This post will show you how to deploy Red Hat AMQ Streams on Red Hat OpenShift 4 backed by Red Hat OpenShift Container Storage 4. Red Hat AMQ Streams is based on Apache Kafka, a popular platform for streaming data delivery and processing.
This post covers a number of concepts:
-
Apache Kafka, Red Hat AMQ Streams and OCS introduction, architecture and use-case
-
Installing the Red Hat AMQ Streams Operator from OpenShift OperatorHub
-
Deploying ZooKeeper and Kafka with persistent storage from OpenShift Container Storage
-
Creating the Kafka topic and Kafka user, using their respective operators
-
Creating a Kafka Producer and Consumer application
-
Testing Kafka High Availability
Introduction
Note: This scenario assumes you already have an OpenShift cluster or have followed the instructions in the Deploying your storage backend using OpenShift Container Storage 4 blog to set up OpenShift Container Storage 4.
Apache Kafka
Apache Kafka is an open source, distributed, partitioned and replicated commit-log based publish and subscribe messaging system. It is one of the most popular messaging systems out there, used for a variety of use cases, ranging from web activity tracking, eventing, metrics, logging, streaming data to data lake and several others. Kafka can handle real-time streams of data, to collect big data, or to do real-time analysis, or both.
Red Hat AMQ Streams
The Red Hat AMQ streams component is a massively scalable, distributed, and high-performance data streaming enterprise distribution based on the Apache Kafka project. Red Hat AMQ Streams makes it easy to run and operate Apache Kafka on OpenShift. AMQ Streams provides three operators.
Cluster Operator
Responsible for deploying and managing Apache Kafka clusters within an OpenShift cluster.
Topic Operator
Responsible for managing Kafka topics within a Kafka cluster running within an OpenShift cluster.
User Operator
Responsible for managing Kafka users within a Kafka cluster running within an OpenShift cluster.
OpenShift Container Storage for AMQ Streams (Kafka)

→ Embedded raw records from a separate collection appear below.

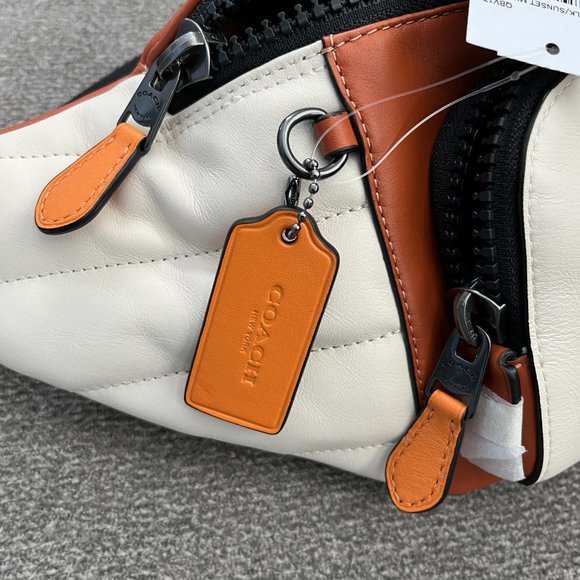 COACH CE552 Leather Track Belt Bag Quilting & Coach Stamp Chalk/Sunset Multi - Picture 10 of 10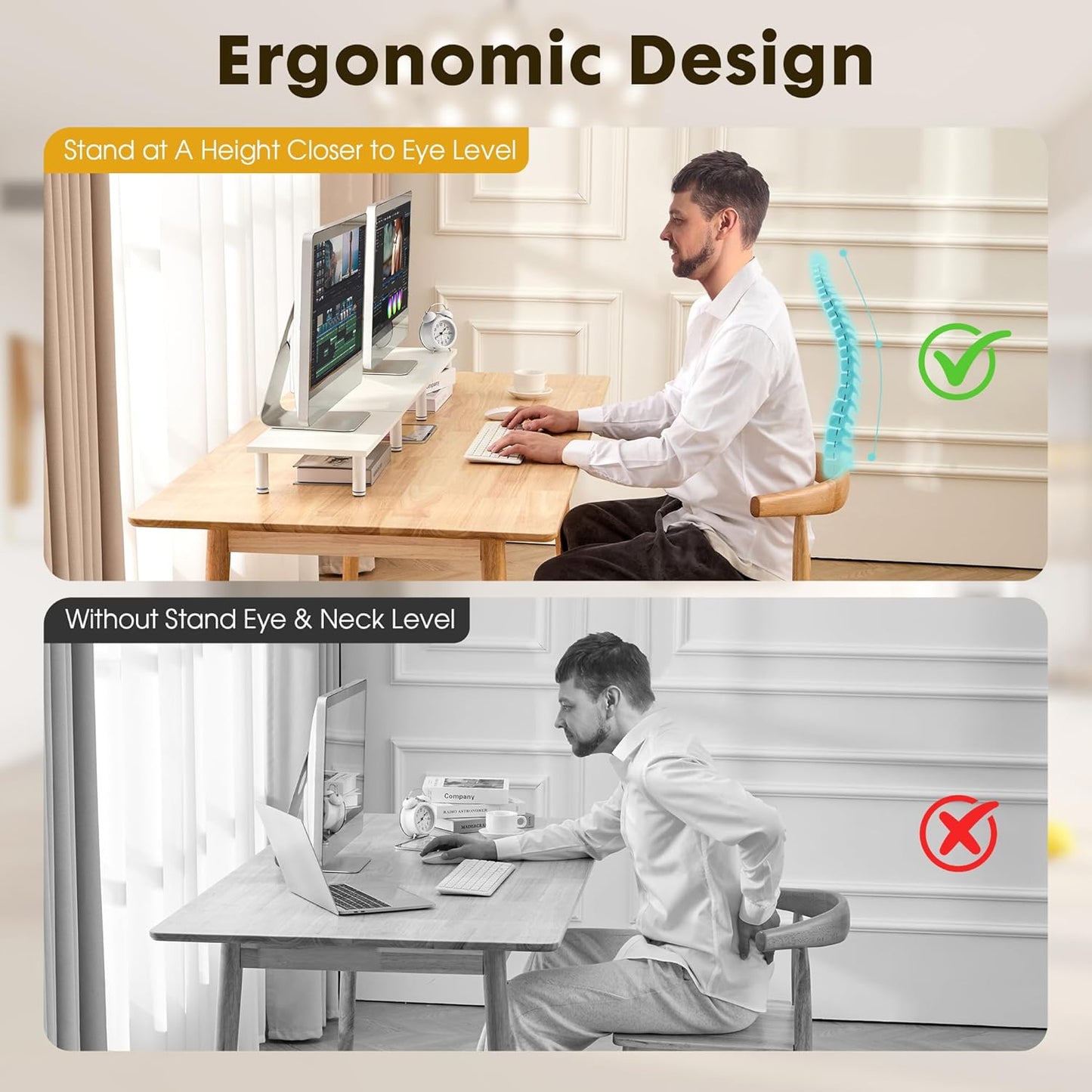 47 Inch 2 La Jaco Extra-Long Dual Monitor Stand Riser for Monitors, Desk Shelf TV Riser Blocks, Wood and Steel Desktop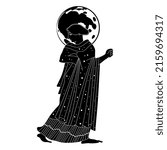 Ancient Greek woman as starry night with full moon as her nimbus. Goddess Selene or Nyx. Creative concept for lunar feminine energy. Female archetype. Black and white silhouette.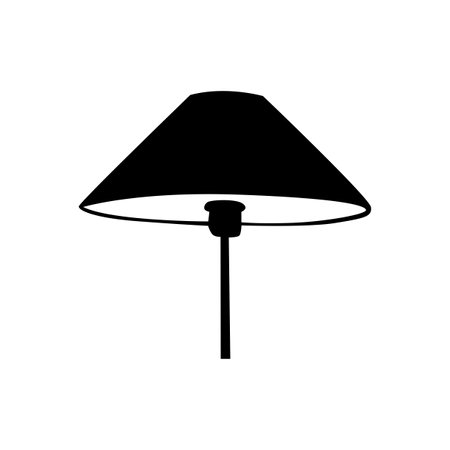 Black silhouette Sleep Lamp illustration design, white backgroundのイラスト素材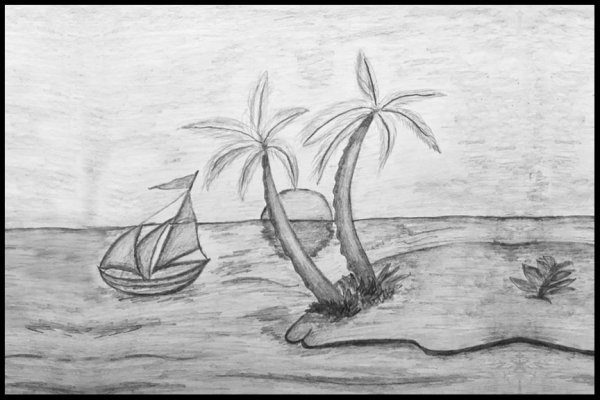 Морской пейзаж цветными карандашами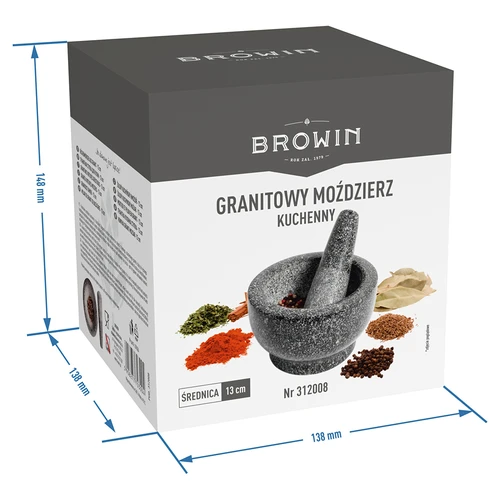 Granite mortar with pestle - 9 ['Granite mortar', ' mortar with piston', ' stone mortar', ' mortar of stone', ' kitchen mortar', ' mortar for herbs']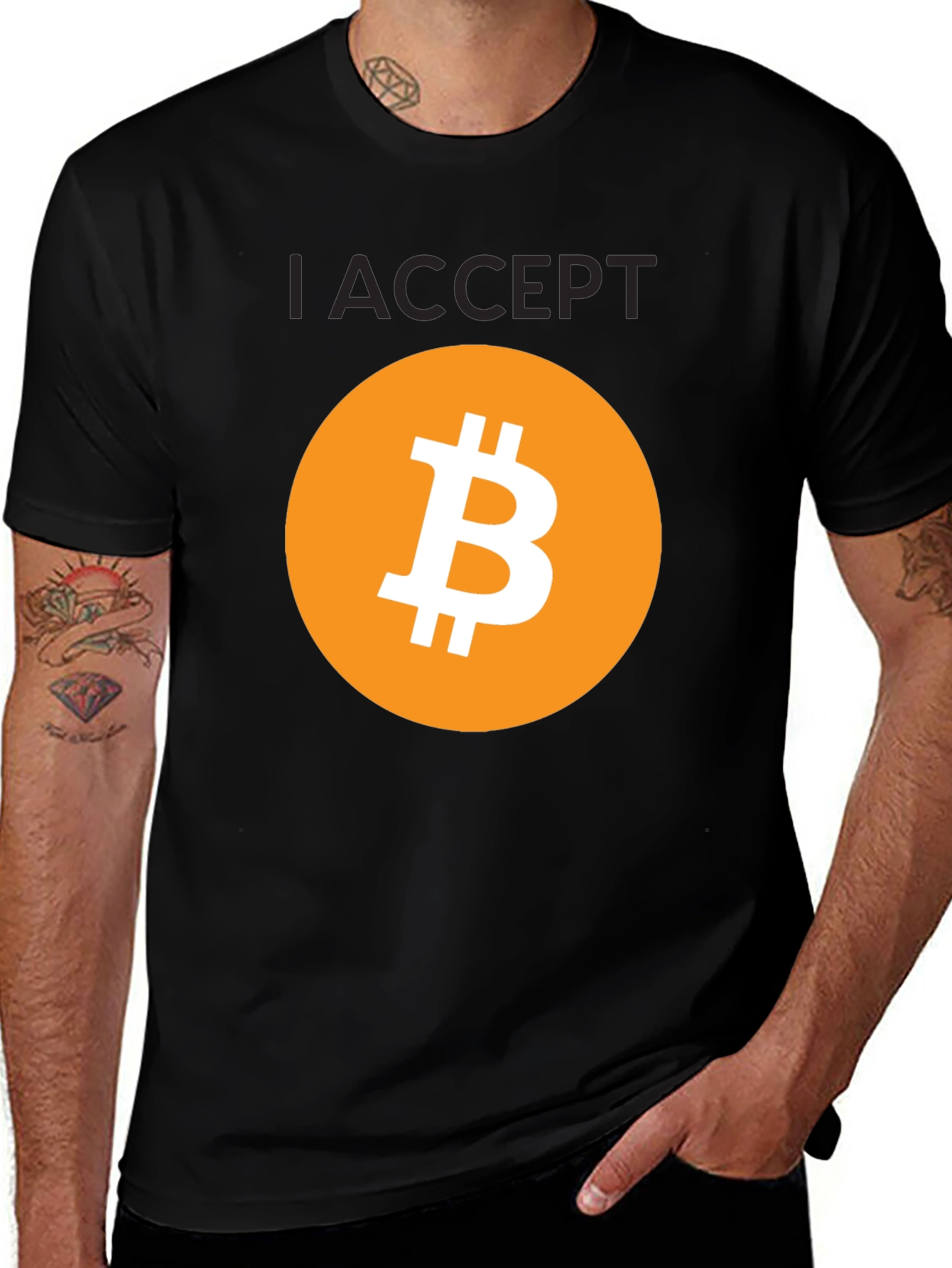 I Accept Bitcoin Black T-Shirt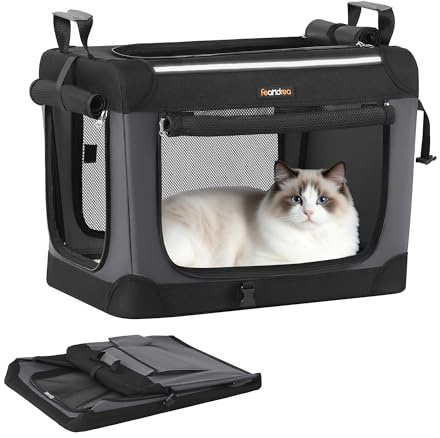 Feandrea Collapsible Dog Crate, Portable Pet Travel Crate for Small Dogs, 50 x 35 x 35 cm, Oxford Fabric Pet Carrier with Mesh Doors, Storage Pocket, Ink Black PDC015BH02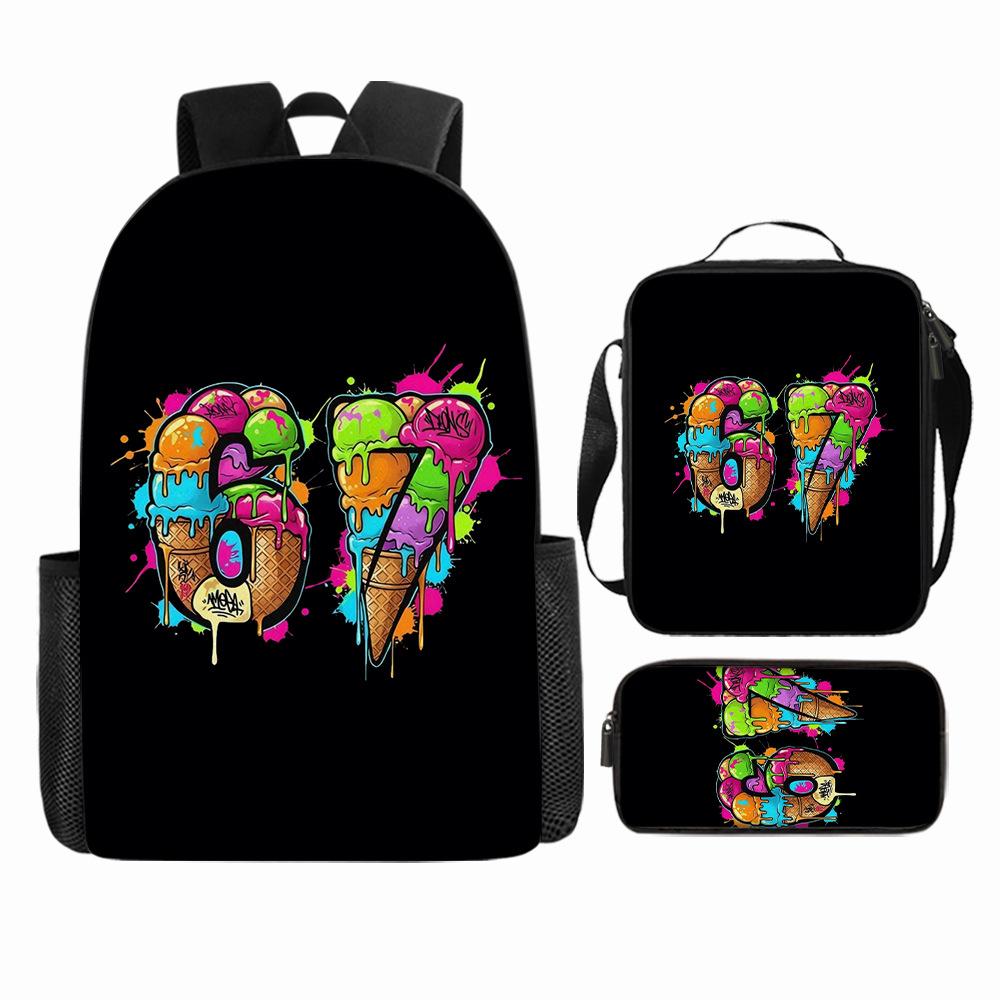 Large Capacity Schoolbag with Shoulder Strap; Student Three-piece Pencil Case Set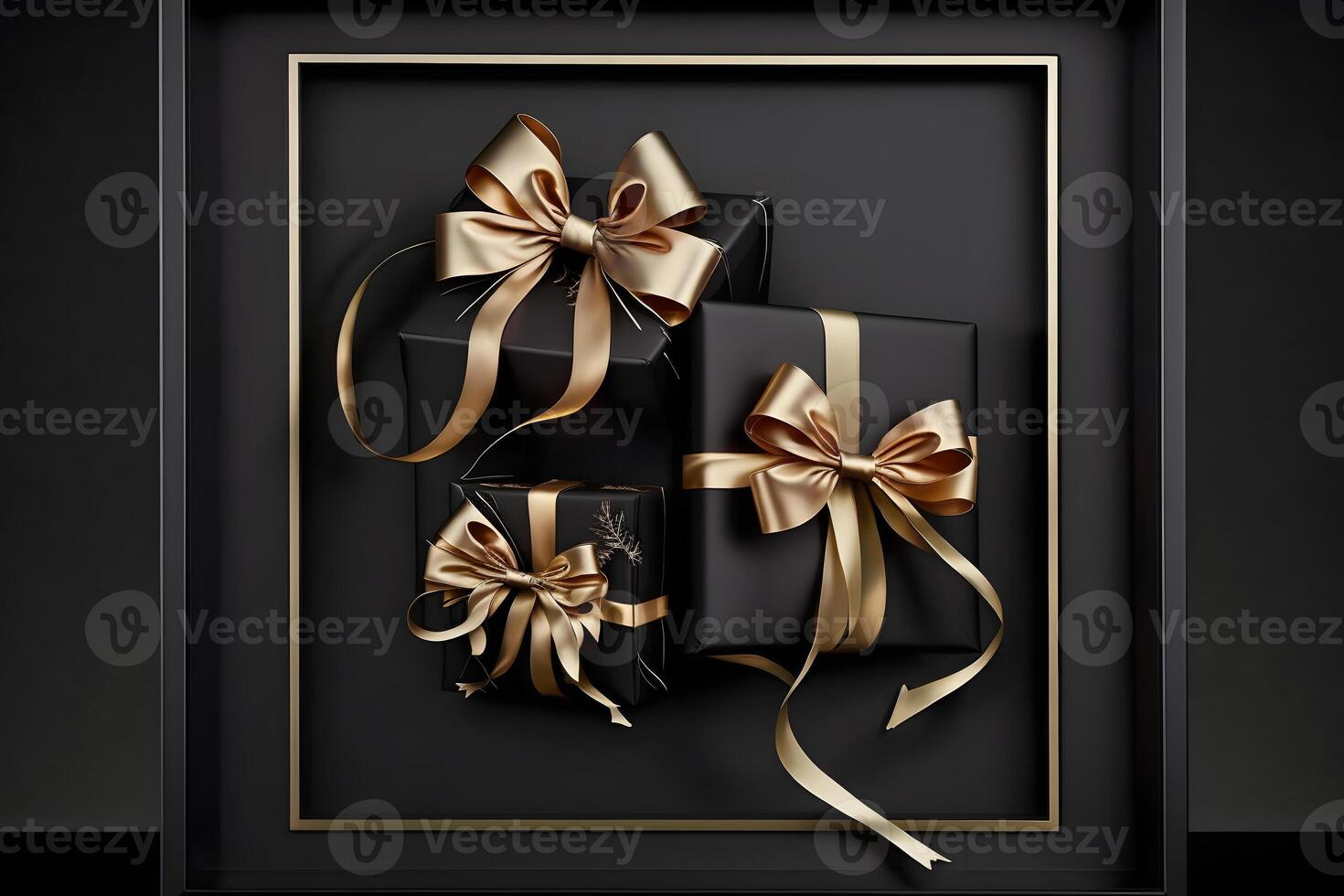 Black gift boxes with gold ribbon on dark background. Neural network photo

Kafka has in-build data resiliency capabilities. However, data persistence plays a vital role when it's deployed on a cloud native environment like Kubernetes. Red Hat OpenShift Container Storage has been tightly integrated with Red Hat OpenShift Container Platform, which is the core platform for Red Hat AMQ Streams.
The data persistence needed by AMQ Streams components, namely Apache Zookeeper and Apache Kafka are fulfilled by OpenShift Container Storage block storage persistent volume claims. While typical public cloud block storage offerings could not span availability zones (per their design) with Container Storage your applications enjoy the highest levels of resiliency spanning across availability zones.
This will be described in depth in the next section. Another interesting use case of using Container Storage for AMQ Streams is to move Kafak messages to scalable, distributed S3 compatible object storage for data analytics and long term retention purposes. OpenShift Container Storage is a unified storage solution providing block, object and file interfaces, which makes it a good persistence solution for Apache Kafka.
Installing Red Hat AMQ Streams
Create a new project called amq-streams
from the OpenShift console by navigating to the projects as shown in the next figure:
Note: You can also create the project from the command line: oc new-project amq-streams
.
Make sure to select the amq-streams
project and search AMQ Streams Operator from the OperatorHub.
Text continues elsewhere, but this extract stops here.